▸ **PROMPT**
The listing must be copied out in full and exactly; no images go with it.

▸ **RECORDED DATA**
_ _ _ _ _ _ _

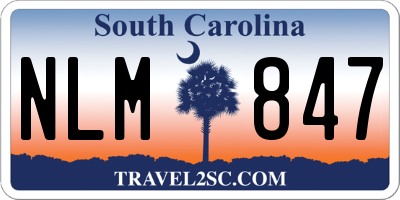 SC license plate NLM847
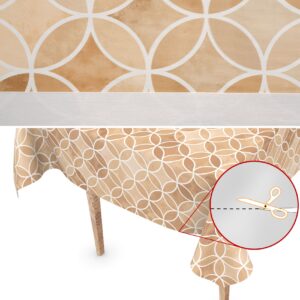 Wachstuch Tischdecke abwaschbar Wachstuchtischdecke Kaleidoskop Beige, 100 × 140 cm, Schnittkante – Ansicht 2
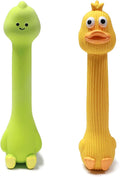 SCHITEC Squeaky Dog Toys, [2 Pack] Squawking Latex Toy with Interactive Squeaker, Squeak Rubber Duck Chicken for Medium Small Dogs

_ _ _ _ _ _ _

▸ **RESULT**
 SC license plate NLM847
 Wachstuch Tischdecke abwaschbar Wachstuchtischdecke Kaleidoskop Beige, 100 × 140 cm, Schnittkante – Ansicht 2
 SCHITEC Squeaky Dog Toys, [2 Pack] Squawking Latex Toy with Interactive Squeaker, Squeak Rubber Duck Chicken for Medium Small Dogs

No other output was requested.